Description of the task:
Please repeat, from the entries that follow, the lines from the one containing "Elle Bej Deri" through the one containing "Satılır 6 otaqlı həyət evi 385 m²" exactly, adding nothing.

Crawled caption data:
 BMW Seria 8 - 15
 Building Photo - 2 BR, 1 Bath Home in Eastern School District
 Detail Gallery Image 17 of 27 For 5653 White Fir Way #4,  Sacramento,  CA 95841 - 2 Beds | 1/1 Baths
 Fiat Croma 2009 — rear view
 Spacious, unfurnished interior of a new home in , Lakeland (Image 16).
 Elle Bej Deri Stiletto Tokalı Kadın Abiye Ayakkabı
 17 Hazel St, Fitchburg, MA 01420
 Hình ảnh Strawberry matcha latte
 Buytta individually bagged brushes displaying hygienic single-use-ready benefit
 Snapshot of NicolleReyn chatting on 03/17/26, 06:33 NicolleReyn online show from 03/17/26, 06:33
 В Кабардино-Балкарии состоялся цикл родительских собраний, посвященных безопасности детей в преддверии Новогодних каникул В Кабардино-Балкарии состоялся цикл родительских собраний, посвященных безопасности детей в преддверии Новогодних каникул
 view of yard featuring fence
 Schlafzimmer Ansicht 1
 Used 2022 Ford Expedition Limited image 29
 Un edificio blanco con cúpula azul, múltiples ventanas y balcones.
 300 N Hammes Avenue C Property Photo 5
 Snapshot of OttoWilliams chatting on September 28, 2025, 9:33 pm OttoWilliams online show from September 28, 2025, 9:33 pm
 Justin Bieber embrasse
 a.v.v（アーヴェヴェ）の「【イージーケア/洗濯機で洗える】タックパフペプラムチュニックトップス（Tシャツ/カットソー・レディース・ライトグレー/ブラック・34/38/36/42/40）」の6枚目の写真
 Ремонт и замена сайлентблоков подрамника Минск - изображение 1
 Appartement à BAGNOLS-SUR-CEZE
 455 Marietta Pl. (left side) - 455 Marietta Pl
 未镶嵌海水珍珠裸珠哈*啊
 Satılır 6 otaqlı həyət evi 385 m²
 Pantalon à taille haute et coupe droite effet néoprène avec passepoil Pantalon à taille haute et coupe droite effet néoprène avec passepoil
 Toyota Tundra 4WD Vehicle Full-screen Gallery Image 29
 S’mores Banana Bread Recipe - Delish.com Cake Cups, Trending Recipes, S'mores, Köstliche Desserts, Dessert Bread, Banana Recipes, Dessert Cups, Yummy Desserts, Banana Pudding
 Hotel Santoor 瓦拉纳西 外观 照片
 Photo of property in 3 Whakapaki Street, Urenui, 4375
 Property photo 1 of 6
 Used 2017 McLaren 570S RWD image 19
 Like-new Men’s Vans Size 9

Your solution:
 Elle Bej Deri Stiletto Tokalı Kadın Abiye Ayakkabı
 17 Hazel St, Fitchburg, MA 01420
 Hình ảnh Strawberry matcha latte
 Buytta individually bagged brushes displaying hygienic single-use-ready benefit
 Snapshot of NicolleReyn chatting on 03/17/26, 06:33 NicolleReyn online show from 03/17/26, 06:33
 В Кабардино-Балкарии состоялся цикл родительских собраний, посвященных безопасности детей в преддверии Новогодних каникул В Кабардино-Балкарии состоялся цикл родительских собраний, посвященных безопасности детей в преддверии Новогодних каникул
 view of yard featuring fence
 Schlafzimmer Ansicht 1
 Used 2022 Ford Expedition Limited image 29
 Un edificio blanco con cúpula azul, múltiples ventanas y balcones.
 300 N Hammes Avenue C Property Photo 5
 Snapshot of OttoWilliams chatting on September 28, 2025, 9:33 pm OttoWilliams online show from September 28, 2025, 9:33 pm
 Justin Bieber embrasse
 a.v.v（アーヴェヴェ）の「【イージーケア/洗濯機で洗える】タックパフペプラムチュニックトップス（Tシャツ/カットソー・レディース・ライトグレー/ブラック・34/38/36/42/40）」の6枚目の写真
 Ремонт и замена сайлентблоков подрамника Минск - изображение 1
 Appartement à BAGNOLS-SUR-CEZE
 455 Marietta Pl. (left side) - 455 Marietta Pl
 未镶嵌海水珍珠裸珠哈*啊
 Satılır 6 otaqlı həyət evi 385 m²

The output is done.